9th International Sephardic Jewish Film FestivalEnjoying one of the most successful runs in its nine-year history, the New York International Sephardic Jewish Film Festival, presented by American Sephardi Federation with Sephardic House, in cooperation with Yeshiva University Museum at the Center for Jewish History, opened and closed with record-breaking attendance. The eleven films shown during the weeklong Festival (February 3-9) aptly illustrated its theme, Roots and Origins. The selected films represented the diversity of Sephardic history and its traditions from the past to the present, through equally diverse cinematic genres, showcasing the artistic achievements of seasoned as well as up-and-coming Sephardic filmmakers and actors.

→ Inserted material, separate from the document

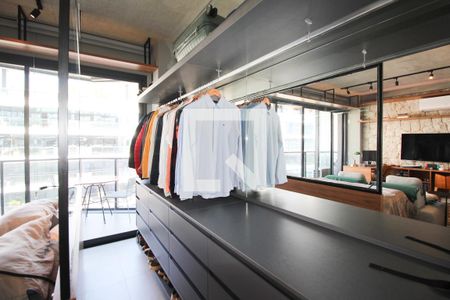 Closet  de kitnet/studio à venda com 1 quarto, 41m² em Vila Olímpia, São Paulo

Both the opening night screening of The Last Sephardic Jew, by Miguel Angel Nieto, and the closing night world premiere screening of The Last Jews of Baghdad: End of an Exile, Beginning of a Journey, by Carole Basri, Adriana Davis, and Bryan Durr, played to sold-out crowds with the films being projected simultaneously in the Leo J. Forchheimer Auditorium and the Paul S. and Sylvia Steinberg Great Hall. As bookends to a Festival focusing on origins and roots, these two documentaries complimented each other perfectly. Each one is an exploration of personal, family, and community histories of Sephardim, one from Spain and the other from Iraq, and their strong ties with the histories and destinies of the countries and cultures in which they planted roots.

In The Last Sephardic Jew, we traveled with Rabbi Eliezer Papo as he followed the paths of the Jews who left Spain in 1492, to such far-flung places as Thessalonica, Istanbul, Serbia and Curacao. While exploring the origins and scope of Sephardic influence, the film’s older subjects are left to wonder aloud if their grandchildren will continue to sing the Ladino songs that they cherish, once they are gone. Filmmaker Miguel Angel Nieto charmed the audience during the Q & A following the film, and during the reception that followed. Many audience members sought out Mr. Nieto to share the stories of their own families whose origins were from many of the cities visited by Rabbi Eliezer Papo in the film. The Last Sephardic Jew was also viewed by more than 150 people at its second screening at the JCC Manhattan, the first time in the Film Festival’s history that ASF/SH has partnered with this dynamic new facility on the Upper West Side.

The Last Jews of Baghdad demonstrated the depth of the roots of Jewish culture – in this case in Iraq – and the incredible loss and displacement felt by this community as they were forced to flee the land they had called home for 2,700 years. The loyalty that the Iraqi Jews felt for their homeland prevented many of them from escaping from the country earlier in the 20th century, and it was only after being imprisoned and tortured that many finally left. As one survivor and his wife, now living in California, showed the still half-full bottle of whisky, signed and dated by their Iraqi friends and given to them as a talisman of luck for their clandestine journey out of Iraq more than 20 years ago, one felt the full impact of both the loss and hope felt by all of the survivors.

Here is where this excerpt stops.